Here are some silver linings: 

--We are no longer in crisis / survival mode with a new baby or with work from home, so maybe it's a fine time to have another? I have 9 months to get used to the idea, while I savor being a family of three. The Bub will be much less like a baby in September, for better or worse. 

--One idea that brought me comfort last time was picturing all the people in my life who'd build a relationship with my first kid. That will happen again, and most of all, I'd get to see The Bub shine in his role as big brother and the new little one look up to him and that will be a joy. It's hard to stay depressed for long with The Bub around (even though he is annoying and tiring) so I may feel less lonely than last time - he's such a social person now, and he's getting more self-sufficient at feeding himself and playing every day.
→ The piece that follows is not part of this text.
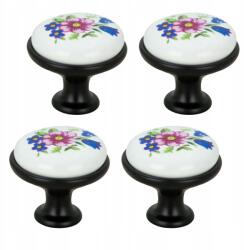 B&B 4 db fekete, kerek bútorfogantyú kerámiával és retro virágmintával (Z4 G108 CZ)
--It might be easier this time. We have the supplies, we read all the books, we have all that hands-on knowledge. The change from 0 to 1 kids is bigger than 1 to 2. I won't have to DO as much to get ready this time. At least I have proof that everything (the first trimester, the not sleeping, the baby who won't be left alone) will someday end. 

--Being home during the pregnancy will be great. First trimester last time I flew and presented at two conferences and it was exhausting and terrifying. There were social times I stayed up too late and tried to hide how off I felt. This time, it will be much easier to puke / snack / nap / veg where I am. The telework may outweigh the toddler in terms of taking care of myself. 

--Many people choose to have kids this close in age (and at least it's not sooner? We started having sex again in March). They can largely share toys and outings and hopefully stay close as they grow up. The baby supplies haven't been all given away. No one else will know this was a mistake. Maybe I can pretend this was my idea (it was my idea to "let God plan my family"...) I had good support last time, everyone will probably be happy for us again. Even the work part may be less stressful, since I've proven that I can be a solid worker right up til delivery and hit the ground running when I return. The physical and financial stress will be real, but then it will be over. We could be all done forever. Older kids in 40s, empty nester in 50s...there is a glimmer of hope. 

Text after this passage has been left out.